Should the entries contain pictures, leave them out and return exactly the lines from the first through the line holding "30mm-200mm Clear Crystal".

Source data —
:::
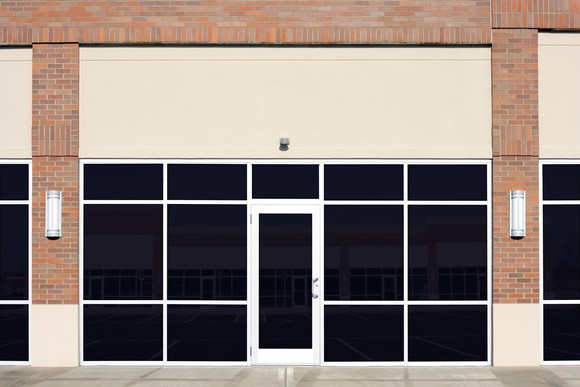 An empty storefront.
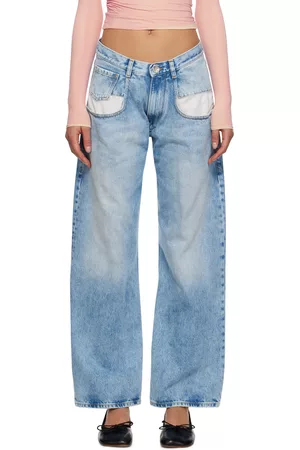 Maison Margiela Kvinder Straight - Blue Contrast Pockets Jeans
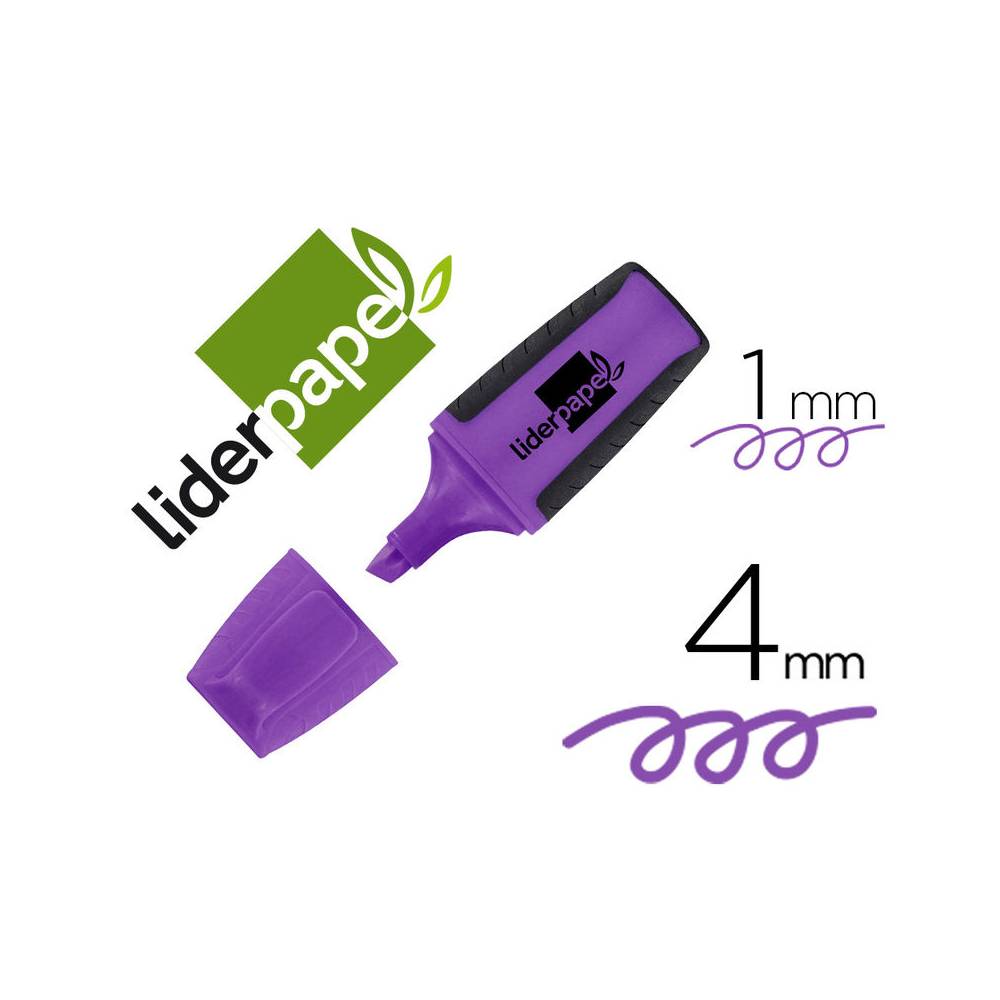Rotulador liderpapel mini fluorescente violeta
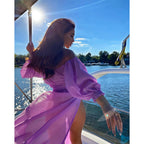 2021 Fashion New Women Bikini Beach Cover Up Long Sleeve Off Shoulder Top Cover Up Skirt Two-piece Suit for Robe Plage Beachwear - Matrix Studios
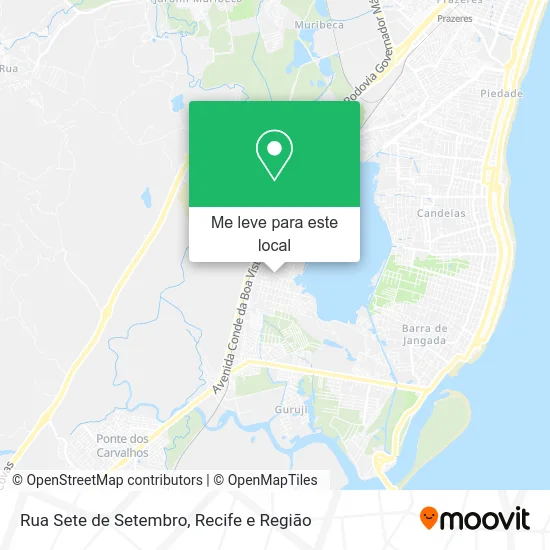 Rua Sete de Setembro mapa
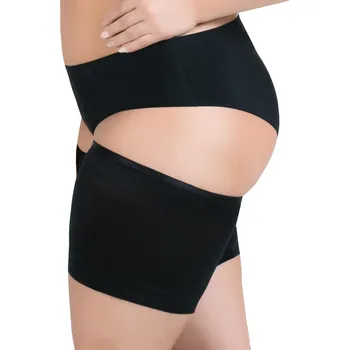 Dámské punčochy Pás na stehna Comfort černá - Julimex černá 7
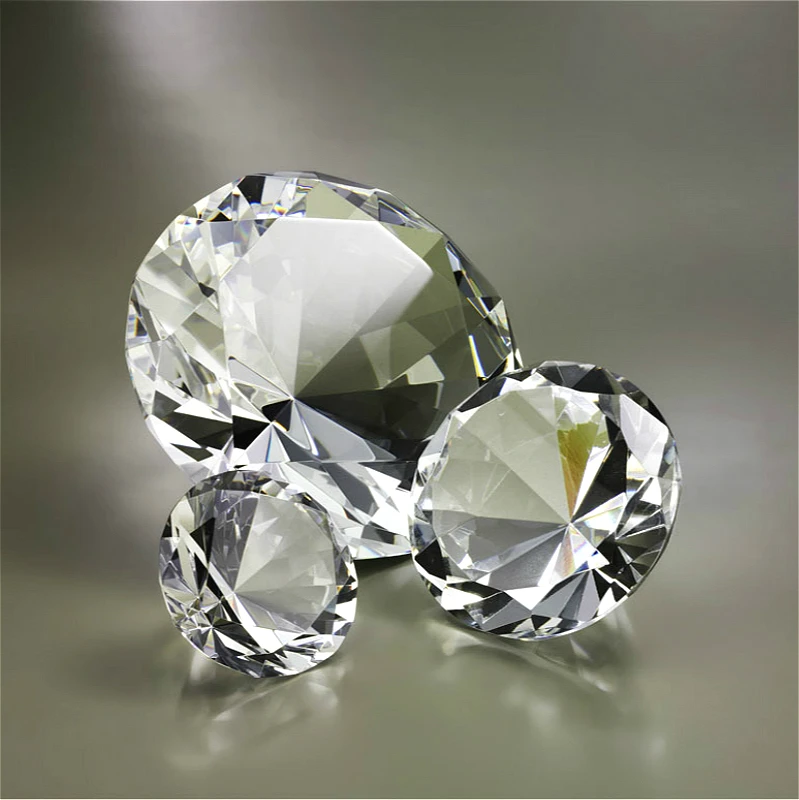 

30mm-200mm Clear Crystal Glass Diamond FengShui Ornaments Home Decorative Ball For Wedding Miniatures Accessories Gifts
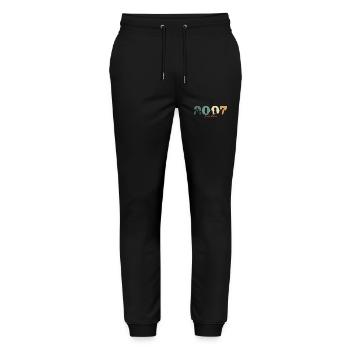 Birthday Gift Vintage Forest 2007 - Stanley/Stella Mover Unisex Organic Jogging Trousers - black - Front - Marisol (170cm) & Nik (191cm)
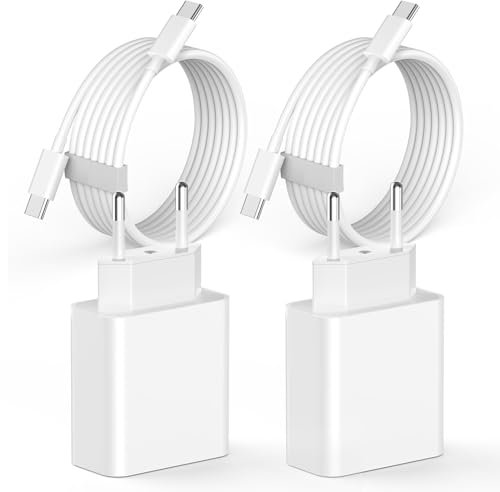 iPhone 16 Schnellladegerät, 4er pack 20W USB C iPhone Ladegerät Ladestecker Stecker Netzteil Power Adapter und 2M USB C Kabel Schnellladekabel für iPhone 16/16 Plus/16 Pro/16 Pro Max/15 Pro/15 Pro Max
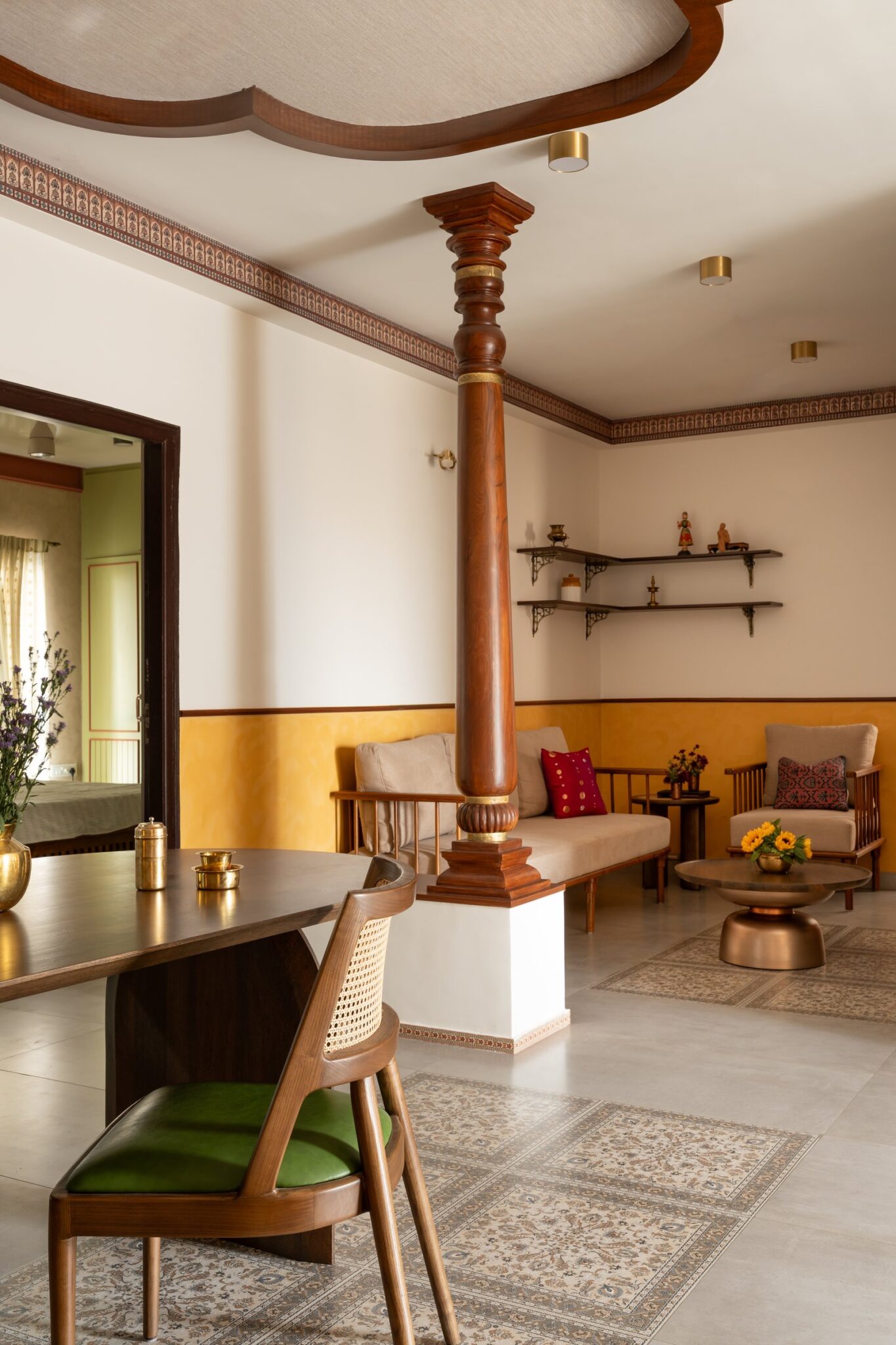 Abhinaya: A Bangalore Home That Reinterprets Tamil Heritage Through Contemporary Design, interior design by Tesor Designs in Bangalore, Karnataka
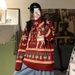 Pure Elk Christmas Gift Sweater For Men, Hong Kong Style, Japanese Retro Couple Knitwear, Autumn Winter Thickened Warm Top_viptrois.com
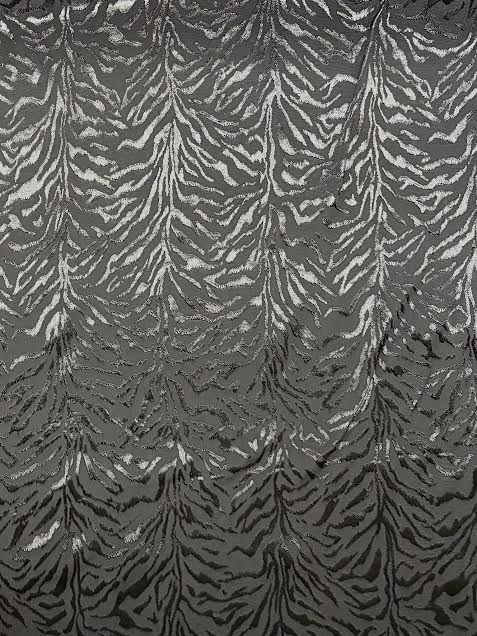 Black Zebra Print | Viscose Jacquard | Made in Italy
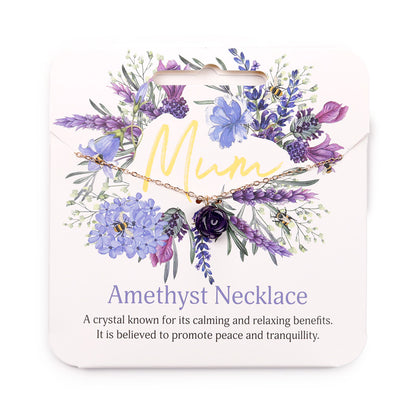 Beautifully crafted Nectar Meadows Mum Necklace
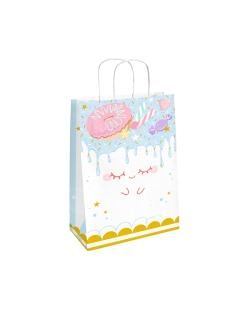 Bolsas Papel Asas Pastel Loco 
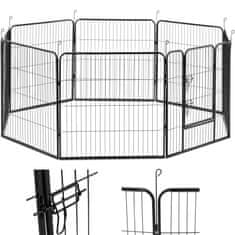 shumee Ohrádka a výběh pro psy a štěňata s brankou, výška 81 cm, 8 segmentů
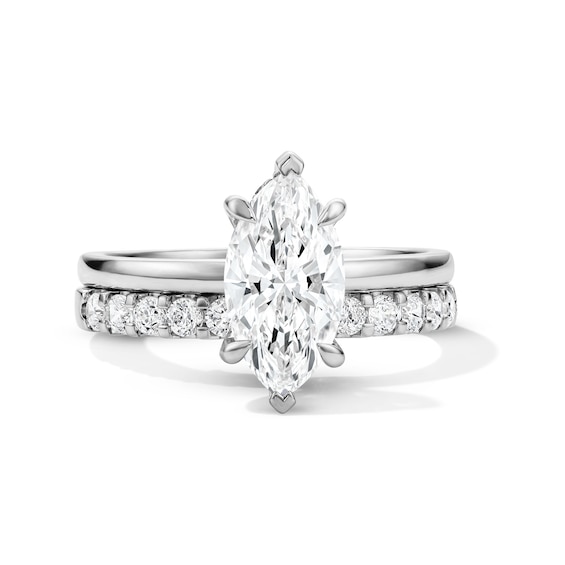 2 CT. T.w. Marquise-Cut Certified Lab-Grown Diamond Bridal Set in 14K White Gold (F/Vs2)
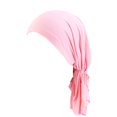 thumbnail image 1 of Chapeau Tressé Réversible Ajustable pour Femmes avec Perles, Style Musulman, Volant, Cancer, Bonnet Enveloppant, Bonnets de Nuit, Doublé Satin, Bonnets pour Cheveux, 1 of 4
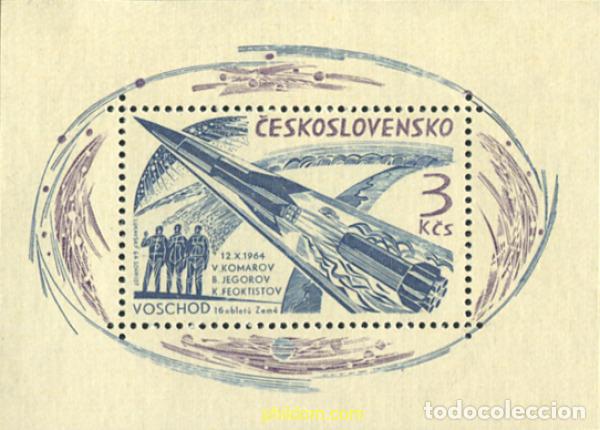 Stamps: 114995 MNH CHECOSLOVAQUIA 1964 VOSKHOD I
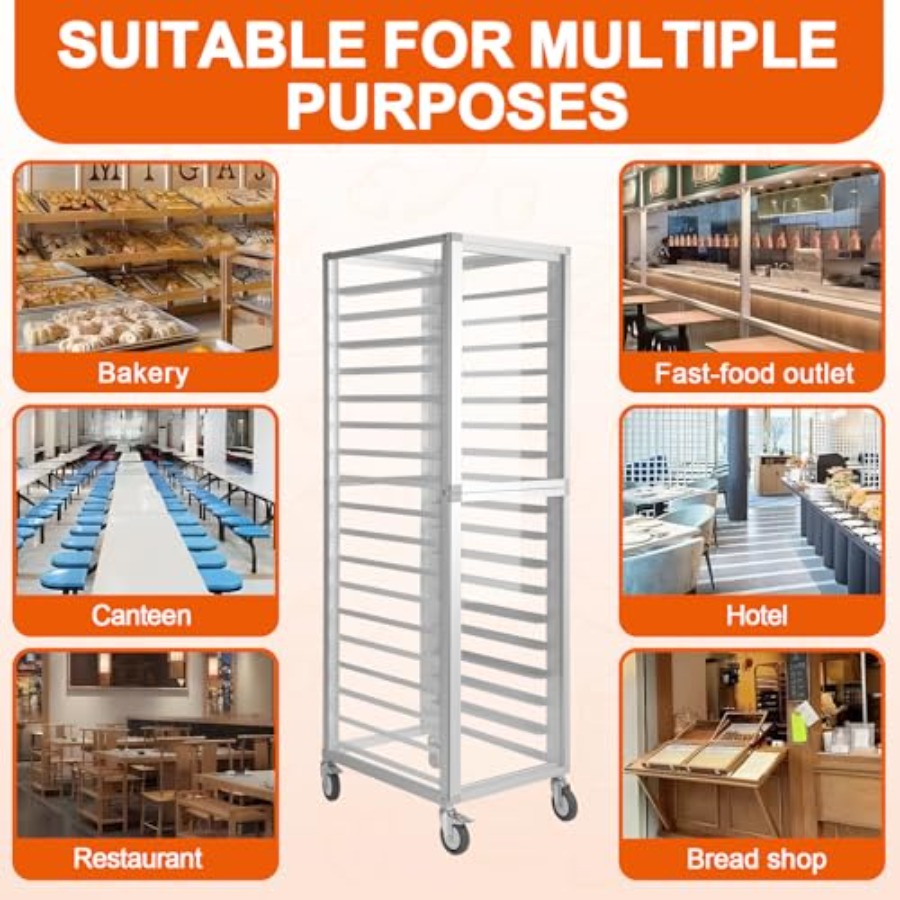 Commercial bakery rack for bun - огляд і ціна Kitchen Baking Pan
:::
OUTPUT FOR THIS EXERCISE —
 An empty storefront.
 Maison Margiela Kvinder Straight - Blue Contrast Pockets Jeans
Rotulador liderpapel mini fluorescente violeta
 2021 Fashion New Women Bikini Beach Cover Up Long Sleeve Off Shoulder Top Cover Up Skirt Two-piece Suit for Robe Plage Beachwear - Matrix Studios
 Rua Sete de Setembro mapa
 Dámské punčochy Pás na stehna Comfort černá - Julimex černá 7

30mm-200mm Clear Crystal Glass Diamond FengShui Ornaments Home Decorative Ball For Wedding Miniatures Accessories Gifts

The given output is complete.